> _What you should do_
Print the listing as it stands, omitting all images.

> _Raw data_
=== Section Start ===

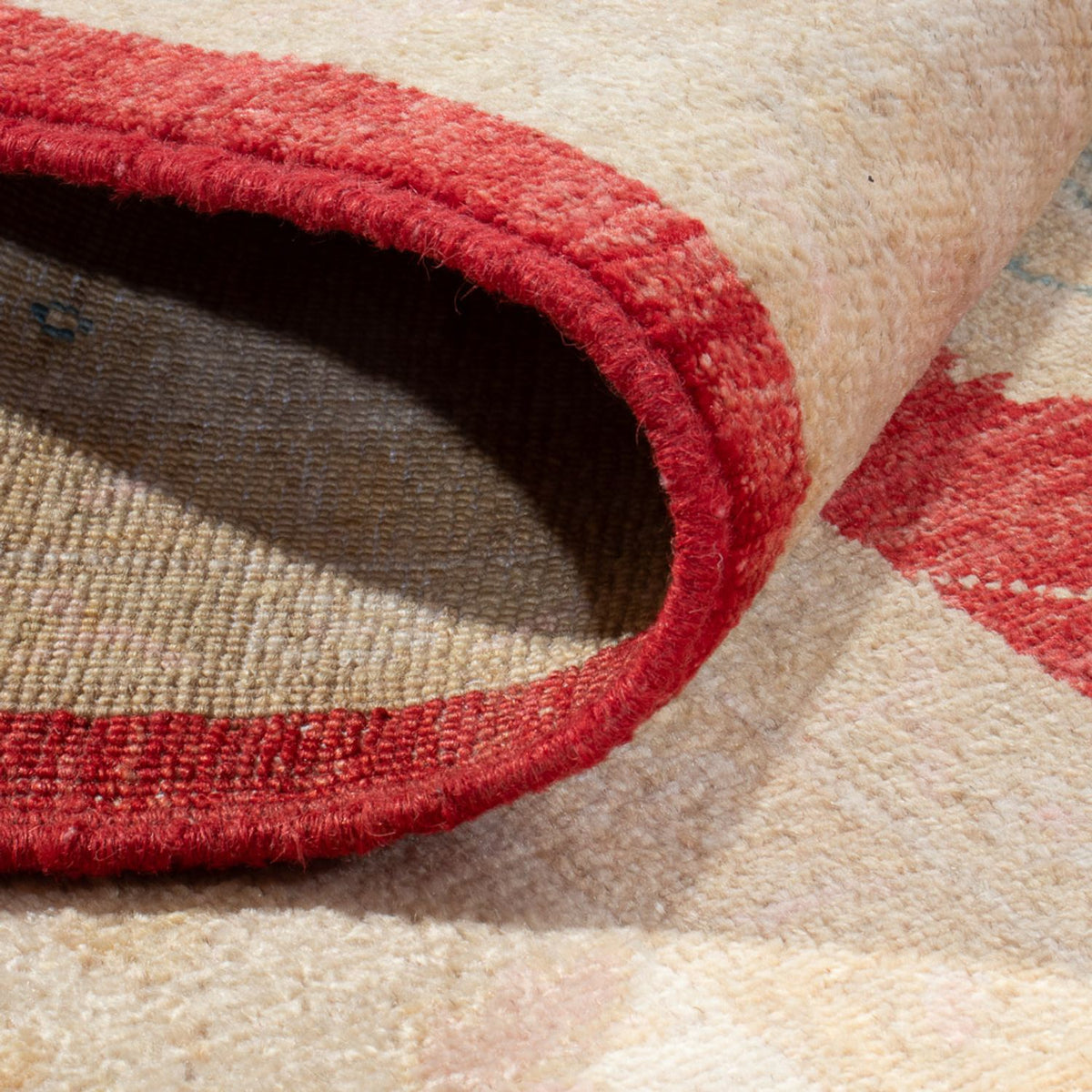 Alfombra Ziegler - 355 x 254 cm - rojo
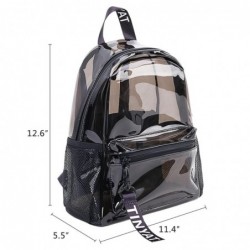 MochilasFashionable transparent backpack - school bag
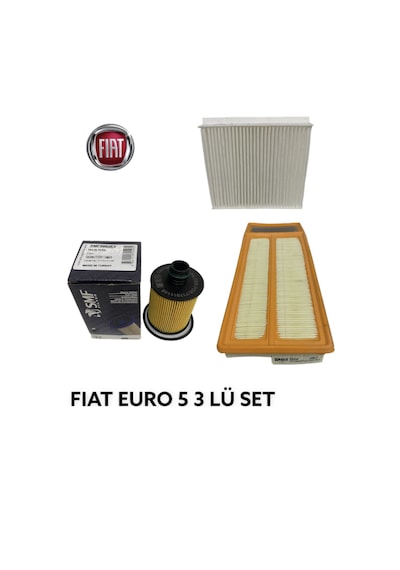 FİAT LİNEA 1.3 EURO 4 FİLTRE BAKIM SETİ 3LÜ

=== Section End ===

> _Solution_
 Alfombra Ziegler - 355 x 254 cm - rojo
 MochilasFashionable transparent backpack - school bag
 FİAT LİNEA 1.3 EURO 4 FİLTRE BAKIM SETİ 3LÜ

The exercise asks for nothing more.